- Problem -
Among the entries below, find the line with "We pass the Curator" and the line with "So we have four". Return exactly those lines and every line between them, but no pictures.

- Source data -

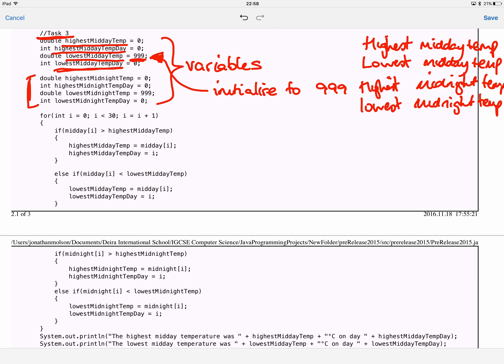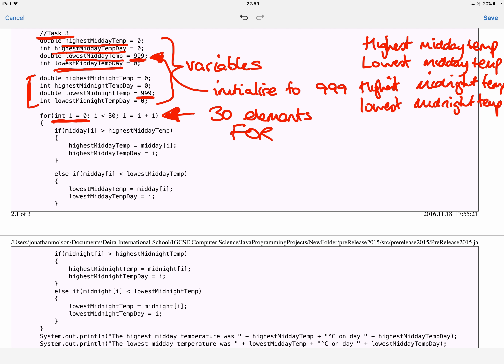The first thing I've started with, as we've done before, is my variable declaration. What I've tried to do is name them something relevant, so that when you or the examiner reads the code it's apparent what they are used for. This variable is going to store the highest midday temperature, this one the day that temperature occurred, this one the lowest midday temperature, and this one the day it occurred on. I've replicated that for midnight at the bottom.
...
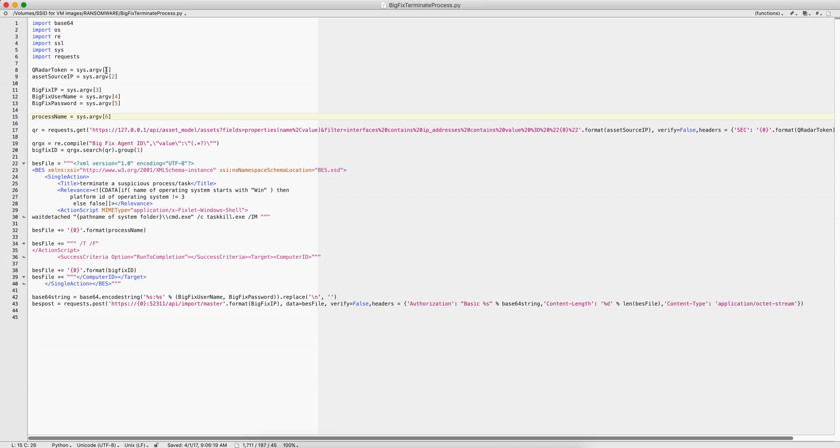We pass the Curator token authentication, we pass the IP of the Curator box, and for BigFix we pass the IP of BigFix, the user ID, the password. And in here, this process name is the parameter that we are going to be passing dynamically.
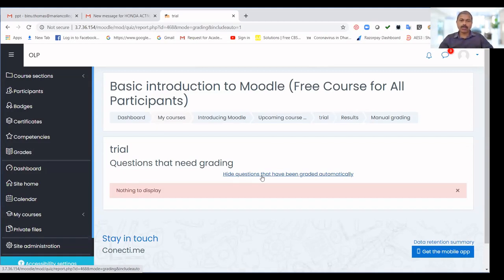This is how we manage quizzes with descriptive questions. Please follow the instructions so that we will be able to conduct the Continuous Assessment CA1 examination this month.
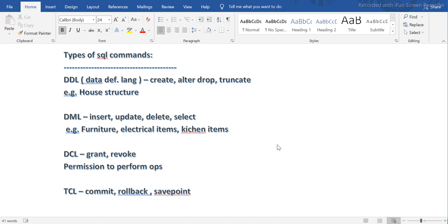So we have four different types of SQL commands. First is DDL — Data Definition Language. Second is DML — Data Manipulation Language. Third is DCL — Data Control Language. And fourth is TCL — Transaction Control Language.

- Written response -
We pass the Curator token authentication, we pass the IP of the Curator box, and for BigFix we pass the IP of BigFix, the user ID, the password. And in here, this process name is the parameter that we are going to be passing dynamically.
This is how we manage quizzes with descriptive questions. Please follow the instructions so that we will be able to conduct the Continuous Assessment CA1 examination this month.
So we have four different types of SQL commands. First is DDL — Data Definition Language. Second is DML — Data Manipulation Language. Third is DCL — Data Control Language. And fourth is TCL — Transaction Control Language.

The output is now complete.